Today I broke my plastic camp spoon that I’ve had for a decade. I ate my lunch with it at work for years. I carried it around in my purse to avoid using single-use utensils. I felt very personally connected to this small, grey, plastic item that cost me roughly one dollar, plus tax. I stirred coffee, ate soup, shoveled rice, scooped almond butter. This morning it was almond butter — a new-to-me, no-stir, crunchy version in a glass jar, spread thickly on a toasted cinnamon raisin bagel. I was attempting side two of my bagel.
The handle remained in my hand, but the head of the spoon was planted firmly within the jar. This is only breakfast … today is going to be a bad day, I thought. It’s an omen. I should skip my long run — I’ll probably get hurt. It’s a sign.

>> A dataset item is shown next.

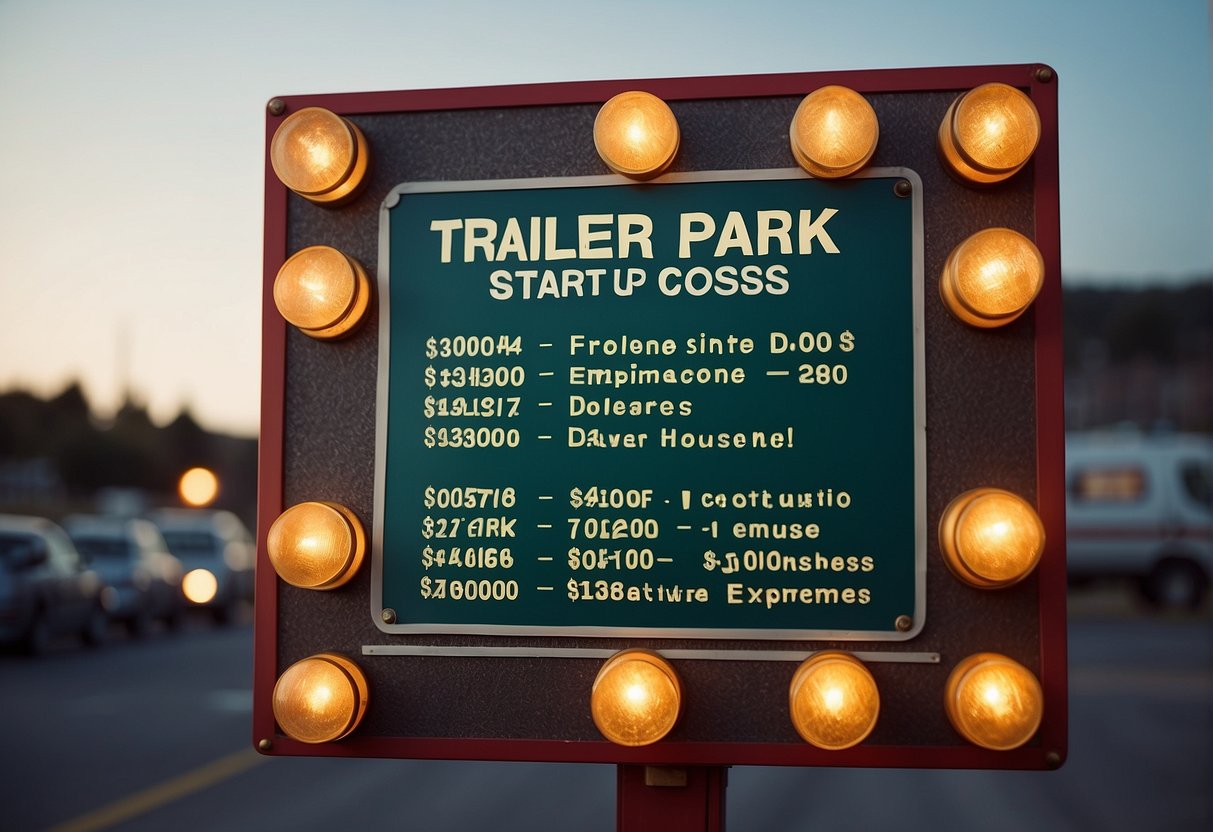 A sign displaying "Trailer Park Start-Up Costs" with dollar amounts and a list of required expenses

Maybe it is a sign. A sign of change to come. A sign of a needed shift in my reality. A representation of “out with the old, in with the new.” Today I’ll turn a corner, welcoming a new thought, a new space, a new place, a new perspective, a new feeling, a new life.
A new beginning.
Perhaps today, if I pay attention, the world will be new.
I will take what is old, take what has served me (well or unwell), open my mind, break the old habits in half, and take one step forward. Today is a new day.
And maybe, also, I will be more careful when scooping the almond butter.